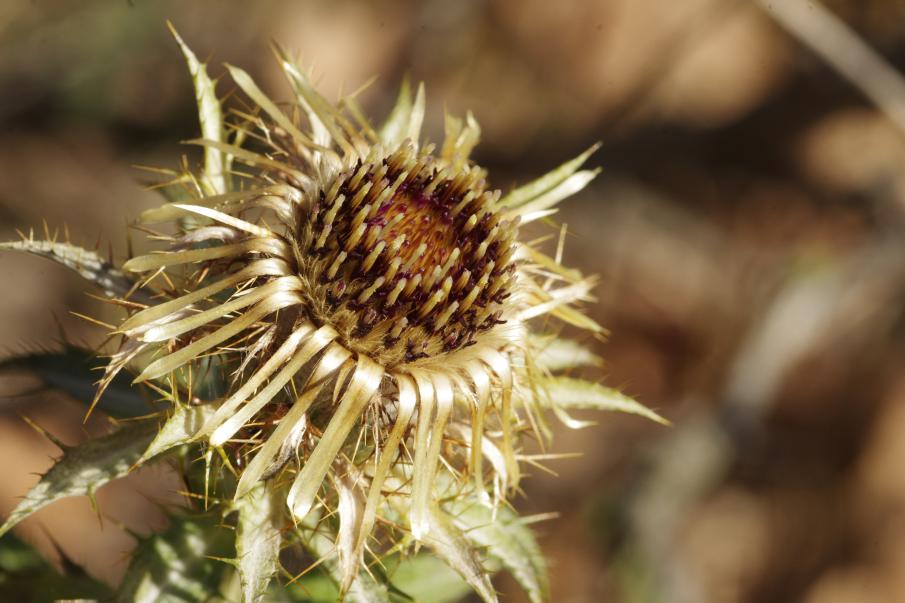 Carlina vulgaris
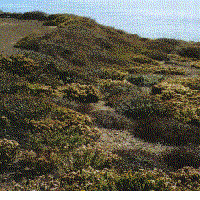 A coastal bluff after it was planted back. We did this in the late 1980's - grid24_12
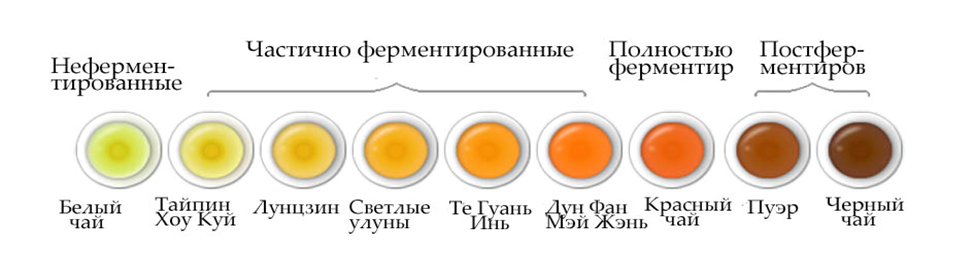 На иллюстрации представлен заваренный чай разной степени ферментации от зелёного до чёрного и пуэра (фото из открытых источников сети интернет)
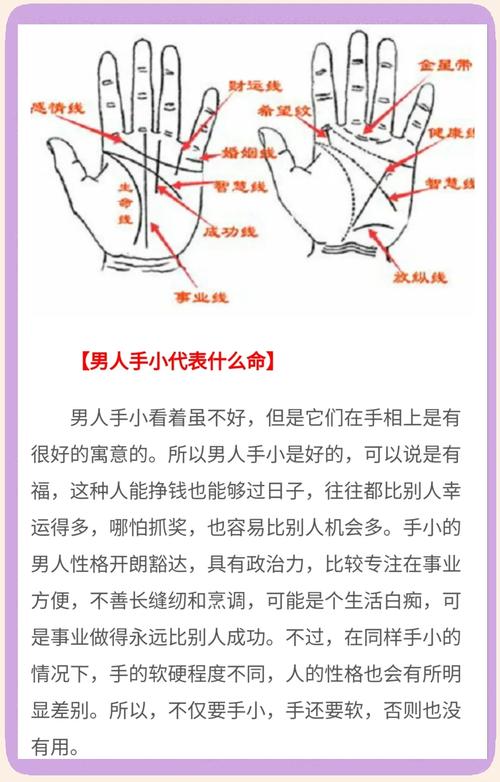 男人手小腳小是什么命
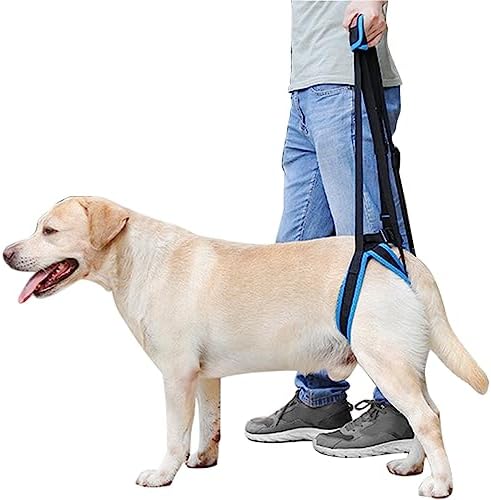 dog harness with handle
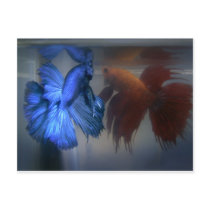 Fighting Fish postcards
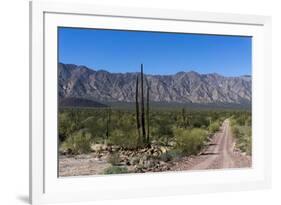 On the road in Baja California, Mexico, North America-Peter Groenendijk-Framed Photographic Print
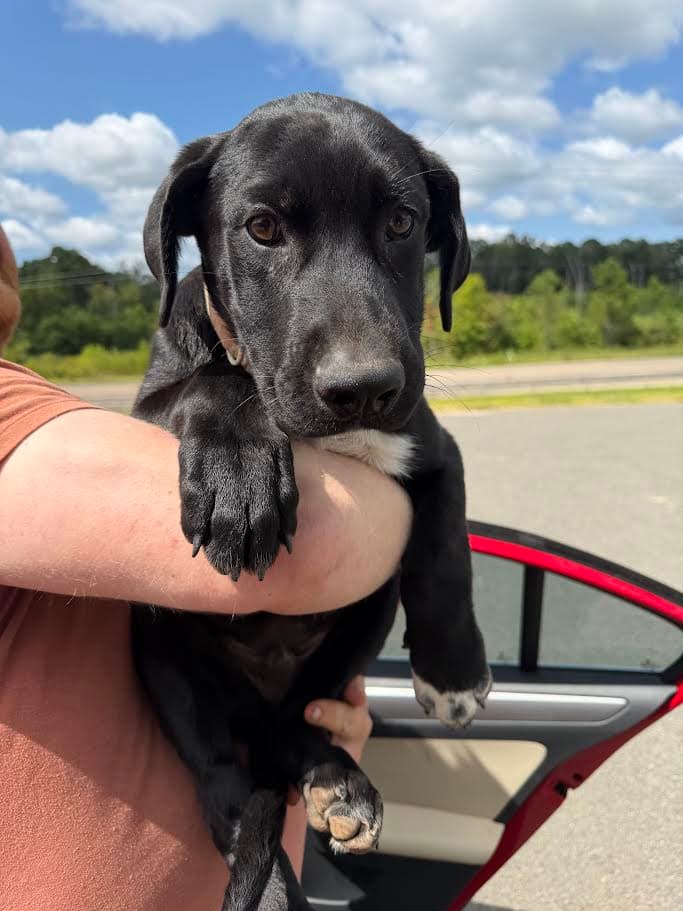 Remy  Months Male Available - Australian Cattle Dog/Blue Heeler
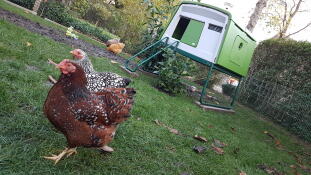 Omlet green Eglu Cube large chicken coop with chickens in garden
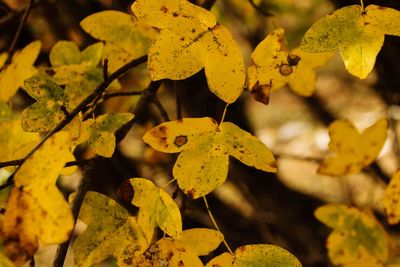 Close-up of yellow autumn leaves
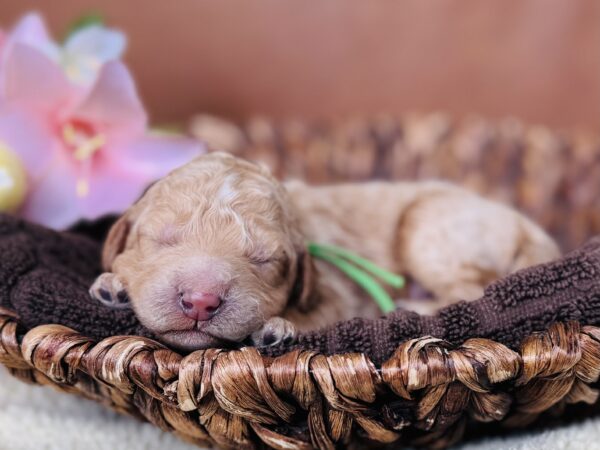 Newborn black Goldendoodle puppy from Stormie’s litter, April 2025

• • • • •

#### TASK TO COMPLETE
The material above holds pictures; leave them out and set down exactly the lines from the line with "On the road" to the line with "Omlet green Eglu", both included.

#### SOLUTION
 On the road in Baja California, Mexico, North America-Peter Groenendijk-Framed Photographic Print
 Remy  Months Male Available - Australian Cattle Dog/Blue Heeler
 Omlet green Eglu Cube large chicken coop with chickens in garden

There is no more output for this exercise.